Assignment »
Pictures stay out; print the rest of the listing below exactly as it stands.

:: Data segment

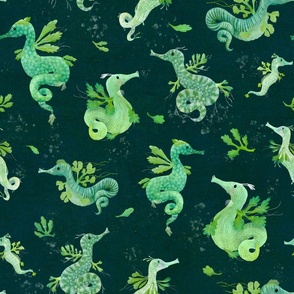 Weedy Sea Dragons - racing green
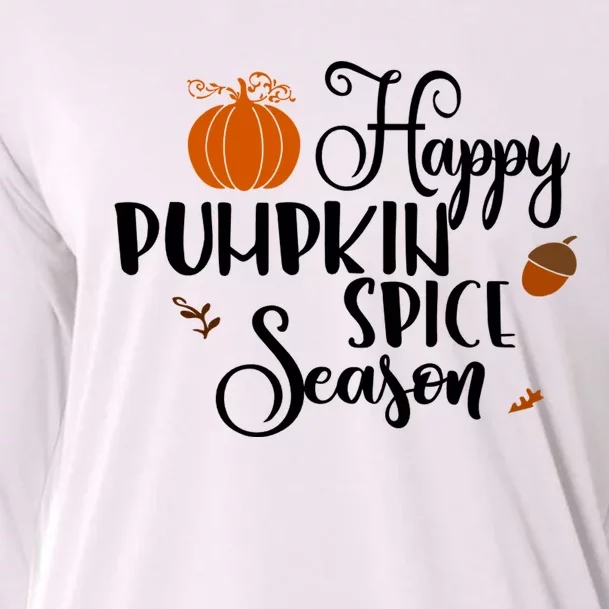 Happy Pumpkin Spice Season Cooling Performance Long Sleeve Crew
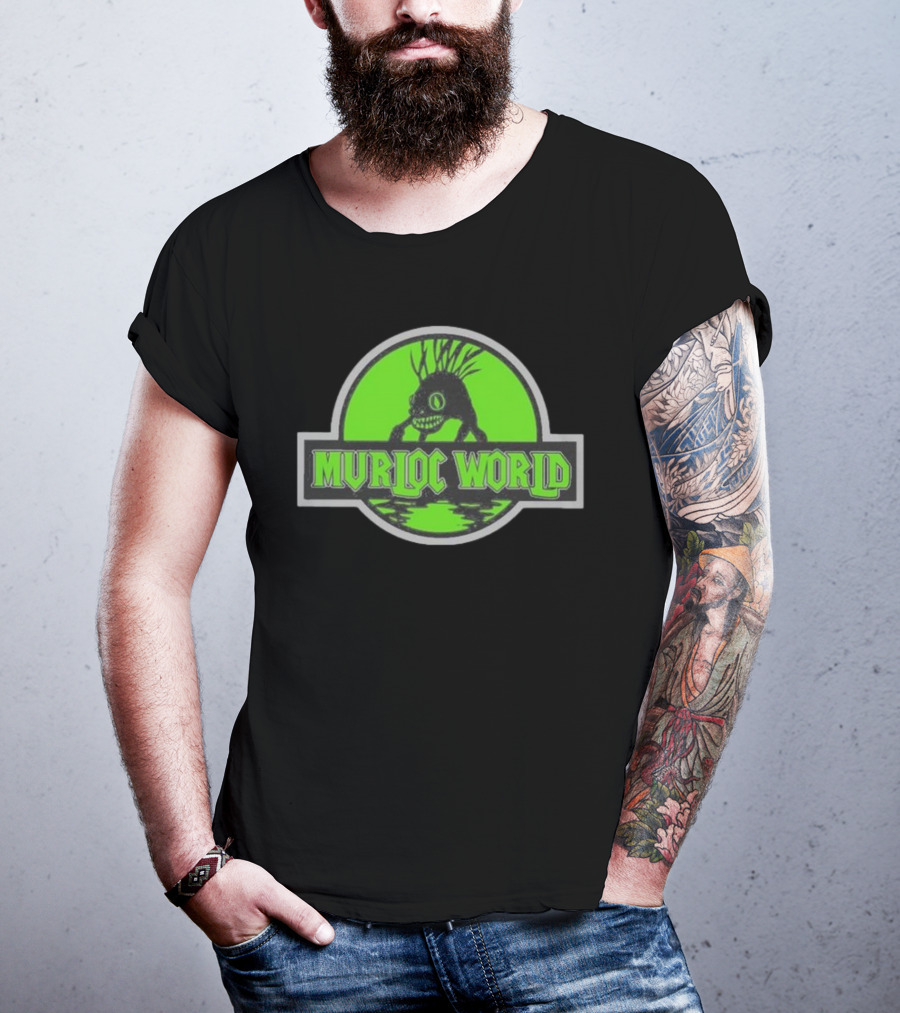 Murloc World Jurassic Symbol Green Creature T-Shirt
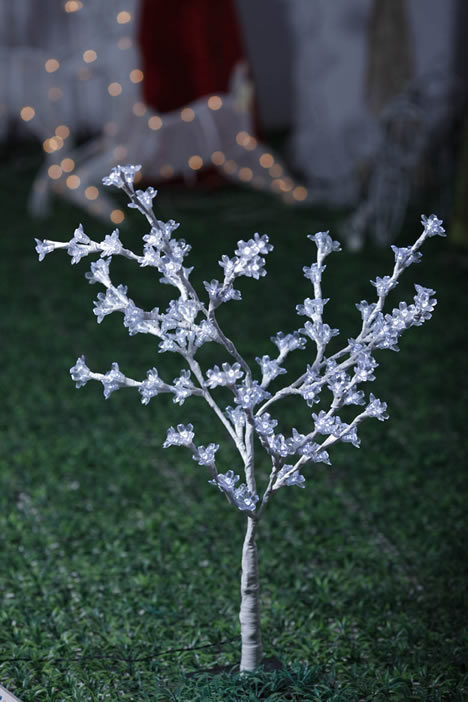FY-50008は安いクリスマスの花の枝木小さなLEDライト電球のLEDランプ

::::

Response to this exercise »
 Weedy Sea Dragons - racing green
 Happy Pumpkin Spice Season Cooling Performance Long Sleeve Crew
 Murloc World Jurassic Symbol Green Creature T-Shirt
FY-50008は安いクリスマスの花の枝木小さなLEDライト電球のLEDランプ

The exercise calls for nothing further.